I am looking for places that are legal to shoot my bow in the alpine, cedar hills, american fork, pleasant grove area that don't cost money. I know some of the cities have different laws, but I wasn't sure if there was an area that people take their bows out for shooting that was close to home. I know of a few places that cost money, but I am just looking for something that I could just run over there and send some arrows down range real quick without running into legality issues.

Thanks in advance!


----------



## mycoltbug (Jan 21, 2013)

Go to battle Creek park in PG hike up the hill until you are above the powerline and shoot away.


----------



## nateysmith (May 13, 2013)

Thanks, I will do that!
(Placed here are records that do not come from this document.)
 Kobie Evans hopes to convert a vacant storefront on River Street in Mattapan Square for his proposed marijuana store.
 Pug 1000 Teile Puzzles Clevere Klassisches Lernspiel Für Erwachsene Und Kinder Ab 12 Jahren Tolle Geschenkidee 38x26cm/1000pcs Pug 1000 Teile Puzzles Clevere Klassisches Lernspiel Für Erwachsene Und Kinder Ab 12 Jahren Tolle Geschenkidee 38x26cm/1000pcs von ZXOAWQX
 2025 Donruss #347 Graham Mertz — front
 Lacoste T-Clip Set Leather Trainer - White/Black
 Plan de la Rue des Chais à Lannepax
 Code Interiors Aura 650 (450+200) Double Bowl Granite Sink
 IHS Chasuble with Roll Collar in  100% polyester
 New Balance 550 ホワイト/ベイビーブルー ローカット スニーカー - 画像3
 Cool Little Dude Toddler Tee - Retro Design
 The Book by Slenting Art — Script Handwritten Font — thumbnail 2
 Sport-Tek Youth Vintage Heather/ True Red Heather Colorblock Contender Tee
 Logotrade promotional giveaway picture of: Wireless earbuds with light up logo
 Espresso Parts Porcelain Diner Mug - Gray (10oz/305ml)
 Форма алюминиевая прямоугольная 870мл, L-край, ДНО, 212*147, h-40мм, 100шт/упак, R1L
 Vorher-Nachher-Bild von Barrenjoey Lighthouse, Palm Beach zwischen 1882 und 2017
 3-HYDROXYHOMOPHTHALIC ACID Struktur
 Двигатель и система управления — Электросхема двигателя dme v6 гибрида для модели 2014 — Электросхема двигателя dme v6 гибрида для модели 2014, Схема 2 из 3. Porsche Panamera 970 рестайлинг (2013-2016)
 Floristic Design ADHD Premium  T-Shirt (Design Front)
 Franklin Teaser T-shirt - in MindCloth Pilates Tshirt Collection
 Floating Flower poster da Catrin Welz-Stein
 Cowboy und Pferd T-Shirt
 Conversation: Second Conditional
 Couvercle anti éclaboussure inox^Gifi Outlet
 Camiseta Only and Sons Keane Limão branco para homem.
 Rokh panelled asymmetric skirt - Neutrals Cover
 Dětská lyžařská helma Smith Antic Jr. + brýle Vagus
I am assuming you mean https://www.google.com/maps/dir//E+...c19fd63dd52700e!2m2!1d-111.700833!2d40.362892


----------



## mycoltbug (Jan 21, 2013)

Yeah anywhere along that part of the mountain as long as you are above the power line is legal, I've spoken to both the city and county to get official confirmation. Usually I take the path right before the water tank on the north side of the road and follow that north until I get above the powerlines. Lots of good areas to shoot up there.


----------



## nateysmith (May 13, 2013)

mycoltbug said:


> Yeah anywhere along that part of the mountain as long as you are above the power line is legal, I've spoken to both the city and county to get official confirmation. Usually I take the path right before the water tank on the north side of the road and follow that north until I get above the powerlines. Lots of good areas to shoot up there.


I think I will head out there today weather permitting. Thanks for the tip!


----------